Peabody recognizes diversity to be a critical long-term effort, with the understanding that this is not just about the evolution of our school, but about changing the field.
This year marks inaugural classes of Conservatory programs in Music for New Media and Dance. New Media, under the leadership of Thomas Dolby, represents the cutting intersection between composition and technology with its reach into video game music, augmented and virtual reality applications. The inaugural class of 15 is the start of a potentially burgeoning program unique in its existence and differentiation from other more conventional music technology or composition programs. Similarly, Peabody’s new BFA in Dance, under the leadership of danah bella, builds on a great history of dance in the Peabody Preparatory. The potential for this program was on display with the dance students’ debut as part of the recent production of MASS, demonstrating how much the program is already bringing to Peabody.
The Breakthrough Curriculum, now in the second year of its full three-year rollout, continues to build Peabody’s competitive advantage in its commitment to surrounding Peabody’s traditionally high level of artistic and musical training with critical skills in communication, audience development, community engagement, and technology, along with other practical applications for both managing one’s own career and developing a unique artistic brand. The curriculum, which now touches every corner of the Peabody experience – both undergraduate and graduate – will change not just the experience for Peabody students, but also the way schools think about training artists for the future. As is the case with New Media, Peabody has positioned itself on the leading edge with the Breakthrough Curriculum.

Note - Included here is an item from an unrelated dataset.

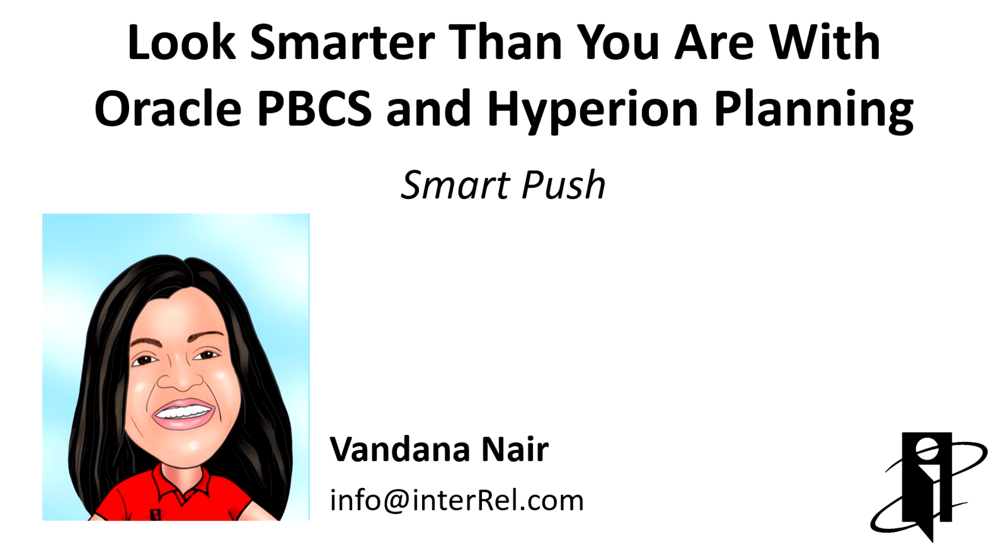Hi, this is Vandanda Nayar from Interrel Consulting. Welcome to SmartPush, a new feature in the simplified interface and workspace for Hyperion planning.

Peabody pilots its online initiative this fall with courses for music professionals and students called Playing Well. An outgrowth of Peabody’s Music and Medicine initiative (which includes the new Johns Hopkins Rehabilitative Network Clinic for Performing Artists at Peabody and a focus on injury prevention as part of Peabody’s orientation programs for students), Playing Well makes available valuable information around peak performance, injury prevention, and healthy playing and practice habits. A three-month pilot launching this month includes four course offerings, with the expectation that course offerings will more than triple over the next year. The online curriculum fills an important need in a market that has little to offer in this critical area, while continuing to build awareness and brand recognition of Peabody. A true “start-up,” Peabody Online adds to other efforts to build innovation on a long and grand tradition of training musicians at Peabody.
As you can see, there is much that his happening at Peabody. I look forward to future updates and progress in all these key areas.